Il presidente della regione Veneto spera ancora di poter correre per il quarto mandato. La Lega sta pensando in alternativa a farlo correre come primo cittadino nel capoluogo per non minare gli equilibri interni al partito

Venezia. Due anni scarsi. Poi, salvo ribaltoni legislativi, la Lega avrà un disoccupato di lusso. Troppo importante per rimanere tale. Così è già scattato il toto-Zaia: dove sarà il futuro dell’amministratore più amato d’Italia? L’unica certezza, si ragiona in Via Bellerio, è che il presidente del Veneto da qualche parte va piazzato, anche per non minare gli equilibri interni. Difficile il poker in regione – lui ci spera, il partito sostiene lo sblocco al limite dei mandati, ma di fatto il tempo stringe e a Roma non se ne parla. C’è poi l’opzione Bruxelles: le elezioni sono dietro l’angolo e il Carroccio ha bisogno di pezzi forti in Europa. Ma ce lo vedete Luca Zaia, passare dalle colline del prosecco alla Grand-Place? Ecco che allora si profila una terza via. La più suggestiva: il doge sindaco di Venezia. Da Palazzo Balbi a Ca’ Farsetti, da una sponda all’altra del Canal Grande. Trasbordo indolore, tutti contenti. Fino a qualche giorno fa erano solo voci di corridoio. O la locandina di un film. Ora si scopre che la pista è concreta.
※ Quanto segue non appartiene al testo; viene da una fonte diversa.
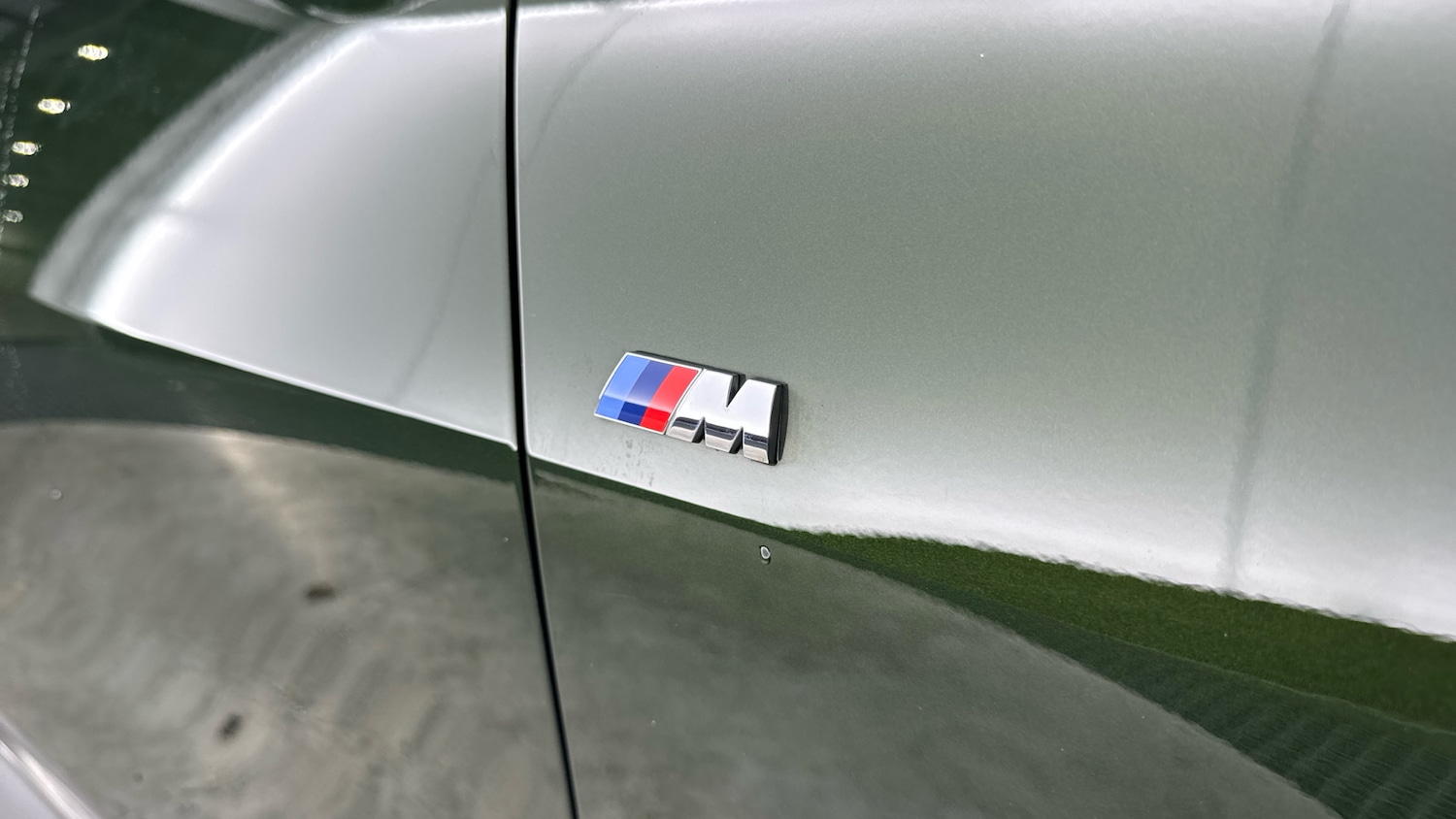 Used BMW i4 2024 for sale - 76477095: Photo 23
Il ragionamento sottostante è il seguente. La Lega in Veneto è allo sfascio – dei 34 consiglieri attuali ne sopravviverà una decina –, senza Zaia non può pretendere di governare e Fratelli d’Italia aspetta al varco. “Seguo con passione la telenovela sul suo futuro”, si sfrega le mani il coordinatore regionale Luca De Carlo, erede al trono designato nei ranghi meloniani. Ma se salta il terzo mandato dei governatori, salta anche quello dei sindaci. Dunque Venezia non potrà più contare su Luigi Brugnaro. E se FdI finisce per accaparrarsi il Veneto, dovrà allentare la presa sul capoluogo – dove sarebbe già pronto il nome di Raffaele Speranzon.

Qualcosa però si sta già muovendo dietro le quinte. Fine settembre: cominciano a piovere strane telefonate ai cittadini lagunari. “Qualora Zaia si candidasse a sindaco, sareste disposti a votarlo?”. Soltanto il 27 per cento risponde di no. Un plebiscito già scritto, senza nemmeno un euro di campagna elettorale. È il risultato di un sondaggio Quaeris, commissionato da VeneziePost. Dietro la piccola testata padovana ci sarebbe però la classe dirigente. L’imprenditoria, i sindacati: è il cuore della regione a porsi la domanda. In casa FdI lo ammette anche Elena Donazzan. “Sono basita”, spiega ad Antenna3 l’assessore più longevo del paese. “Significa che da tempo qualcuno sta tarando le posizioni politiche per capire come muoversi: c’è del metodo scientifico, non un’ipotesi campata in aria”.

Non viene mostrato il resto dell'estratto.